Eurovision 2022, le pagelle: i promossi e i bocciati dell’EuroFestival, tornato in Italia grazie alla vittoria dei Måneskin.
Ritmo, emozioni e una ventata di energia e positività. L’Eurovision 2022, il terzo tenuto in Italia in tutta la storia, non ha deluso le attese, con tanta carica e un sorriso stampato sul volto di tutti i concorrenti. Sul versante musicale, le cose sono andate abbastanza bene, ma per un giudizio definitivo bisognerà aspettare ancora qualche settimana. Andiamo a scoprire i promossi e i bocciati di questa edizione.
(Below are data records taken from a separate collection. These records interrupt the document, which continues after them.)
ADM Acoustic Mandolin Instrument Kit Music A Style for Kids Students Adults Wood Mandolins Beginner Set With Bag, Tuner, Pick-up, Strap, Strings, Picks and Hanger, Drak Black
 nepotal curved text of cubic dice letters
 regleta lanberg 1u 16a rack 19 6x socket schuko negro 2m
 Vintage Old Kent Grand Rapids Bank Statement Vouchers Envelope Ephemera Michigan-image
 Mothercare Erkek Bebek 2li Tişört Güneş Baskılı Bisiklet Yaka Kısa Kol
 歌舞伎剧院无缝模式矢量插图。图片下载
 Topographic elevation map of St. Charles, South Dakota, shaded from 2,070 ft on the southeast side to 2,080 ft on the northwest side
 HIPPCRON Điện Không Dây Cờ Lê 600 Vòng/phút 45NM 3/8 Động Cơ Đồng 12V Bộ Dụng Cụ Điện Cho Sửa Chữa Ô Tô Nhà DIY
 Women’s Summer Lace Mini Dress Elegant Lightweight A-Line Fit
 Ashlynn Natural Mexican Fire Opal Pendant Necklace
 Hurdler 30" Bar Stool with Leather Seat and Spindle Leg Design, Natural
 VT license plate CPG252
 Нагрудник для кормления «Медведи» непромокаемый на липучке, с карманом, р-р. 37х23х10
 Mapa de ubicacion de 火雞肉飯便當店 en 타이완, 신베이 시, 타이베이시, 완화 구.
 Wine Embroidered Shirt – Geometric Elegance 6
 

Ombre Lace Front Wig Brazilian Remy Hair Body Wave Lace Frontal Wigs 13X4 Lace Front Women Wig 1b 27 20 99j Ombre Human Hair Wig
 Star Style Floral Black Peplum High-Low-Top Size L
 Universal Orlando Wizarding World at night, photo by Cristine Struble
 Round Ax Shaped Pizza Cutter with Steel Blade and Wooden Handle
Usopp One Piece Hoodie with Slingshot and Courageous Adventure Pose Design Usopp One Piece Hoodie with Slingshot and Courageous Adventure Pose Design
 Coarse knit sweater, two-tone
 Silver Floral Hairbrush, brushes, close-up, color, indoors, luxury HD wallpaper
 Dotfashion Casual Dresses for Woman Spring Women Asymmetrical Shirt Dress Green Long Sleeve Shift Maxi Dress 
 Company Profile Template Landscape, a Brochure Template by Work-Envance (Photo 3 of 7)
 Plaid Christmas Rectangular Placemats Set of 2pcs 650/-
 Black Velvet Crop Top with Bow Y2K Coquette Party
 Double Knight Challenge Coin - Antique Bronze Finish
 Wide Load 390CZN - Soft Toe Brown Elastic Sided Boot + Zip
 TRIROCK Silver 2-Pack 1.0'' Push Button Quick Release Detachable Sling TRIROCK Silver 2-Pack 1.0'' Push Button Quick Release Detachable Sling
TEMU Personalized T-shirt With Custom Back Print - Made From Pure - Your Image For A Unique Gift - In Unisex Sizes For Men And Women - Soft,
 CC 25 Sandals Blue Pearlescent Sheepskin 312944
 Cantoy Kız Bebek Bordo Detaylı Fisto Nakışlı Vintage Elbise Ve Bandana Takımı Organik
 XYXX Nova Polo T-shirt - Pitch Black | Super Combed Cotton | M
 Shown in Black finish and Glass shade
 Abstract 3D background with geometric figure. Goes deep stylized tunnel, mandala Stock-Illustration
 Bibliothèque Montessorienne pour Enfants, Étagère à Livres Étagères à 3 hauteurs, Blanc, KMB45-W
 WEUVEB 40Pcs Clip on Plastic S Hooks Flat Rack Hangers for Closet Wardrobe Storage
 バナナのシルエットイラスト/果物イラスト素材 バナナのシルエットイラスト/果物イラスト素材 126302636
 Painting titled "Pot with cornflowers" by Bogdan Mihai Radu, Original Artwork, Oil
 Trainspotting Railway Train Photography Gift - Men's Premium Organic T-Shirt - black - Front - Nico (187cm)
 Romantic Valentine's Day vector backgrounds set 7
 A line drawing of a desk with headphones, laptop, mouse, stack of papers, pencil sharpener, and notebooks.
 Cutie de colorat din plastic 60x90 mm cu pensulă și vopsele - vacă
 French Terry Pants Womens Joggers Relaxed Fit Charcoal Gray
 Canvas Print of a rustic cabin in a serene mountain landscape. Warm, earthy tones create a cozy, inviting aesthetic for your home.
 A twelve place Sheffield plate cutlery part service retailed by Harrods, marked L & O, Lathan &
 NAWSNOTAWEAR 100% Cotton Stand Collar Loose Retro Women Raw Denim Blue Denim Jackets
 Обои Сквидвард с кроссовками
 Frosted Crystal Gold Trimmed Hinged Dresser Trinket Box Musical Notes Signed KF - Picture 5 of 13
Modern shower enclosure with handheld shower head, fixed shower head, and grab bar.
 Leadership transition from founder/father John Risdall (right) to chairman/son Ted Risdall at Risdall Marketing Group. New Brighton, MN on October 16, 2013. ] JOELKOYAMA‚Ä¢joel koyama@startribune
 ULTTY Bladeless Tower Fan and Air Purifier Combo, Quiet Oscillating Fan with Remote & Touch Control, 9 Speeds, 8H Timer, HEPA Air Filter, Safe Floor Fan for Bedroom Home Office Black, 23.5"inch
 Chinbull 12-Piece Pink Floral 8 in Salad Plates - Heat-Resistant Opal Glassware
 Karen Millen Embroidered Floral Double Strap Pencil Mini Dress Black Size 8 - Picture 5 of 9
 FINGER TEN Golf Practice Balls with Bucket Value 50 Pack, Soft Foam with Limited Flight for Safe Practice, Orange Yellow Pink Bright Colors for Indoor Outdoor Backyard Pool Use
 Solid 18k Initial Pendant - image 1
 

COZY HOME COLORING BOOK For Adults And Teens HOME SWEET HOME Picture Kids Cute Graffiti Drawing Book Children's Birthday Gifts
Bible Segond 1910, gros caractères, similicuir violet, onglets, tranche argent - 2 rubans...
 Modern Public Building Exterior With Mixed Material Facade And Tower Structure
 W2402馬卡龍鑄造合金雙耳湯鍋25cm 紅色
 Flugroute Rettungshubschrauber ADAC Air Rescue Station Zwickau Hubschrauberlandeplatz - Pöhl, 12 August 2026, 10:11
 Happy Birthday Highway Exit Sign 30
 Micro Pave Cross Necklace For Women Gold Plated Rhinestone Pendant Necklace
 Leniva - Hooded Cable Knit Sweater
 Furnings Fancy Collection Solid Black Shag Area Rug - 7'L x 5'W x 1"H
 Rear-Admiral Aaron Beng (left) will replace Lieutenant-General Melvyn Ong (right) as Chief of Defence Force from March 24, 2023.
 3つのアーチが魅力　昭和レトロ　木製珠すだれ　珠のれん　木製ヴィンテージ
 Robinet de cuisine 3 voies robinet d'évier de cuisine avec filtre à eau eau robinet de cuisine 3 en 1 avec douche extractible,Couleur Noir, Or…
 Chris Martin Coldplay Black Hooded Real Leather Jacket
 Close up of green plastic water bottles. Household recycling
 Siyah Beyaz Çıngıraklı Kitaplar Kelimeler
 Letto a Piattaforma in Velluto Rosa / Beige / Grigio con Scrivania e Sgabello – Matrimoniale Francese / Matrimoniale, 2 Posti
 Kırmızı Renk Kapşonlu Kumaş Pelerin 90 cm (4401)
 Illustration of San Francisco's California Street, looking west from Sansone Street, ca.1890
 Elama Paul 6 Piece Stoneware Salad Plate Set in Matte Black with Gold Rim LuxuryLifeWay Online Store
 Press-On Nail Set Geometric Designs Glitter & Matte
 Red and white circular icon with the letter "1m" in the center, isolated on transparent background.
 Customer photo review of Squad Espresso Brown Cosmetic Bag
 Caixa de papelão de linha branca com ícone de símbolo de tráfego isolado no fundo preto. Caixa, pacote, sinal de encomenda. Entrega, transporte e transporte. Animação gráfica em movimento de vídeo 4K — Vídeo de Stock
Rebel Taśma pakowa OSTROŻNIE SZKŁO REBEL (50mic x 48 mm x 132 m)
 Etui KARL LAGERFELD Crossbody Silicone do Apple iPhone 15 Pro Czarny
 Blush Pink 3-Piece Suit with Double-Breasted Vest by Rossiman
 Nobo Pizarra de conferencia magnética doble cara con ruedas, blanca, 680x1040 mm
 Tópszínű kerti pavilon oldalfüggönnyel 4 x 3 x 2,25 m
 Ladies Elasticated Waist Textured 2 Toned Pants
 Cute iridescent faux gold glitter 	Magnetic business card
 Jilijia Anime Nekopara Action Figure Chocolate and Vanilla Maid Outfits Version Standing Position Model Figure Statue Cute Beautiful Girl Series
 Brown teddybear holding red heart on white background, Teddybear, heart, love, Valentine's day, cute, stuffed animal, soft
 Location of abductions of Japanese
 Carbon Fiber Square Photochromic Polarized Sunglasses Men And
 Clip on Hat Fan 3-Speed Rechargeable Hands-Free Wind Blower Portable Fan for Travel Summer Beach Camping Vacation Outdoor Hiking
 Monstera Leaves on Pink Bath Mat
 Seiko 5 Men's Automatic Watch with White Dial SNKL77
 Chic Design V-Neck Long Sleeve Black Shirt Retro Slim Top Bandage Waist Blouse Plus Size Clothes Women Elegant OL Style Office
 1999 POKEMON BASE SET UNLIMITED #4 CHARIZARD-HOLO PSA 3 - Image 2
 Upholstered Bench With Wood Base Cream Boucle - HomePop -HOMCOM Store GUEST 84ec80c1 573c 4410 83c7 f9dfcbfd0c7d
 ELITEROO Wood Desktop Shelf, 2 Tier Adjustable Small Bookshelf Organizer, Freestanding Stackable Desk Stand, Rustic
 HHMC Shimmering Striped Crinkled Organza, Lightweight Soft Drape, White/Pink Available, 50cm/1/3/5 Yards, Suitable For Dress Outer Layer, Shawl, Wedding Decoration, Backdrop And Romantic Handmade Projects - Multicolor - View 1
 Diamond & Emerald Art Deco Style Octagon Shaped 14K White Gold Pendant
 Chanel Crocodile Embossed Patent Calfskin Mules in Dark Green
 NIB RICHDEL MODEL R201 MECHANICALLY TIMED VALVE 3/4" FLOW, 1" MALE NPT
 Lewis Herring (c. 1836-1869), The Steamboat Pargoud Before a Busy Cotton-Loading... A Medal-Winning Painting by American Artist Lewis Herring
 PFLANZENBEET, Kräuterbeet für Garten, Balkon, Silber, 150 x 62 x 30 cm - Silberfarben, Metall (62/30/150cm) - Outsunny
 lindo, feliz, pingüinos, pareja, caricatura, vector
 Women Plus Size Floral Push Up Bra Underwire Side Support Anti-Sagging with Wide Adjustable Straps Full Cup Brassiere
Eurovision 2022: le pagelle della finale
We Are Domi (Repubblica Ceca): 6
Aprire la finale non è mai semplice. Oggi c’è meno emozione nei tre, più divertimento ma anche meno precisione. Lei va bene sui ritornelli aperti, fatica in tutto il resto della performance.
WRS (Romania): 5
Niente da fare, il suo Eurovision non decolla. Canticchia non bene, balla forse peggio e ha un pezzo che va bene per le serate in riva al mare, fa divertire, ma rasenta il kitsch. Potevamo farne a meno in finale.
Maro (Portogallo): 8
C’è tutto nella performance di Maro. Malinconia, eleganza, un dolore che è splendido, è vivo. Uno dei brani che in questa edizione del Contest funzionano sia in studio che dal vivo.
The Rasmus (Finalndia): 7
La performance di questa sera ha meno l’effetto sorpresa rispetto alla prima serata, ma i Rasmus restano una band solida, anche con un Lauri meno pulito vocalmente, e riescono comunque a tenere il palco in maniera più che convincente. E poi il pezzo, nella sua semplicità e immediatezza, cresce ascolto dopo ascolto.
Marius Bear (Svizzera): 6
Momento disneyano con Marius, che mantiene la sua dolcezza e la sua pacatezza con un brano per cuori sensibili. Tutto sommato un momento piacevole, ma manca quell’intensità che servirebbe per far emozionare fino in fondo.
Alvan e Ahez (Francia): 7
La prima nazione dei Big Five a salire sul palco nella finale lo fa con un pezzo trascinante, potente, pieno di riferimenti una musica etnica differente dalla tradizione tipica francese. Non a caso cantano in bretone. La performance è molto scenica e si guadagna l’applauso convinto del pubblico di Torino.
Subwoolfer (Norvegia): 8
Non c’è molto da dire sui Subwoolfer. Loro il premio simpatia, loro il premio personaggi dell’anno in questo Eurovision. Il brano è discreto, ma passa decisamente in secondo piano rispetto a tutto il contorno che accompagna questo spettacolare gruppo norvegese.
Rosa Linn (Armenia): 7
Snap è un altro di quei brani che riescono a crescere dopo più di un ascolto. Funziona, specialmente se cantato con il trasporto mostrato in questa finale, in cui Rosa è parsa anche più convinta e tranquilla.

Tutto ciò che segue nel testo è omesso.